Zondag 12 maart ’23

Wie kent het niet, je hebt ‘ja’ gezegd tegen iets, iemand of jezelf en dan gaat het beginnen. Wij maken keuzes, in kleine dingen vaak, soms gaat het om grote levenskeuzes. Dieper en fundamenteler. En dan komt het. Was dit ik het wat ik wilde? Waar ben ik aan begonnen? En waar zeg ik ‘nee’ tegen? Het thema van de overdenking is ‘In de woestijn’. Wij kennen het verhaal van Jezus in de woestijn. Hij is gedoopt en wil – geheel in de traditie van Mozes en David – gaan leven als een rechtvaardige, een ‘tsaddik’. In het proces van een overtuigend ‘ja’ wordt hij overmand door twijfels.

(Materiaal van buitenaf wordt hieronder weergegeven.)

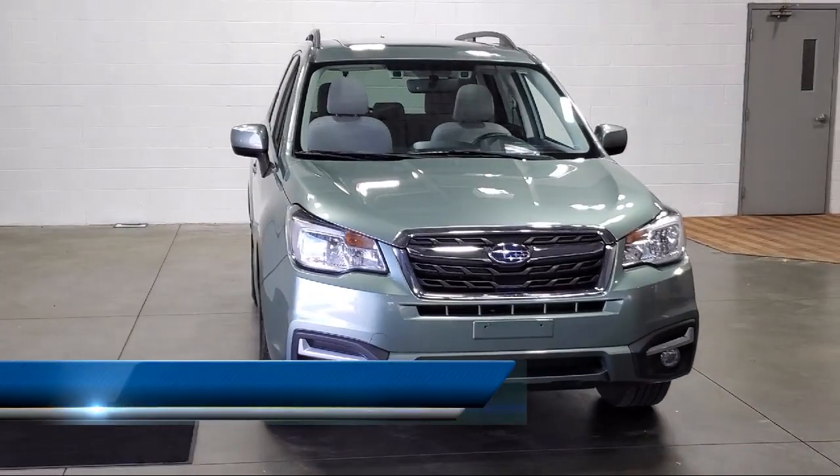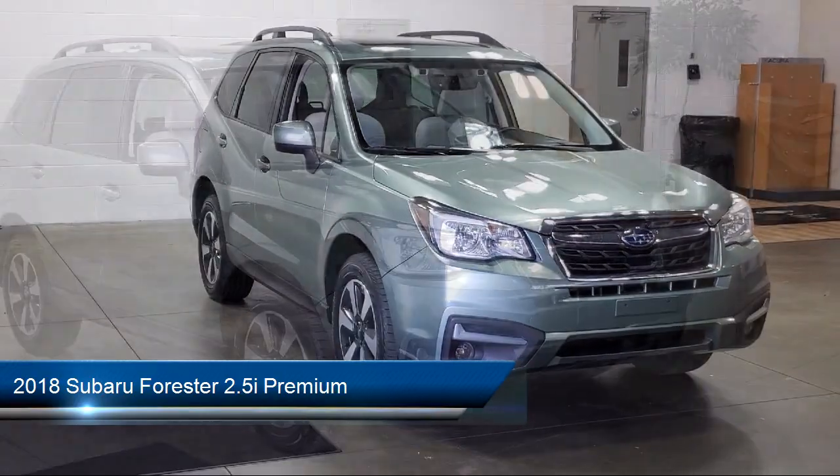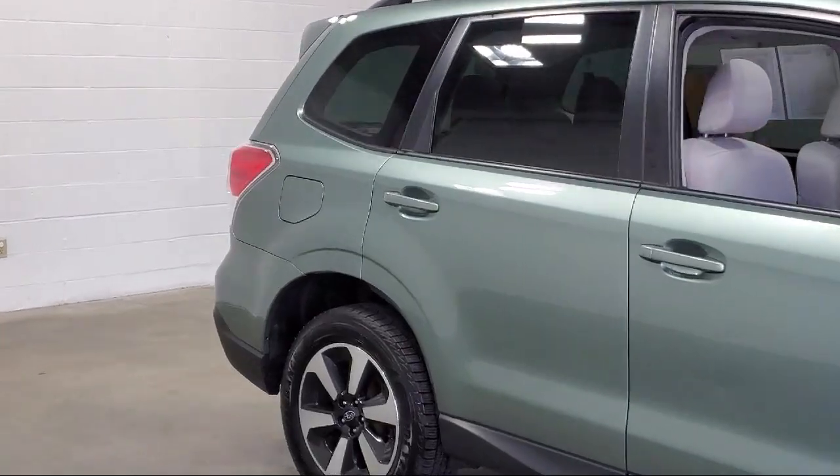It comes equipped with keyless entry, rear view camera, roof rack, Starlink emergency communication system, rear seat center armrest, and steering wheel controls.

Herkenbaar? Wie kent het niet, bloot staan aan verleidingen en verzoekingen? Zo’n moment komt er, wie ben ik nu, was mijn intuïtie goed? Twijfel scheurt aan stukken, opties zijn ineens geen opties meer. Levenskeuzes en beproeving liggen dicht bij elkaar. De woestijn is een plek van herinnering aan waar je vandaan komt. In Jezus’ tijd is er de Romeinse onderdrukking, tempelelite, machtsmisbruik.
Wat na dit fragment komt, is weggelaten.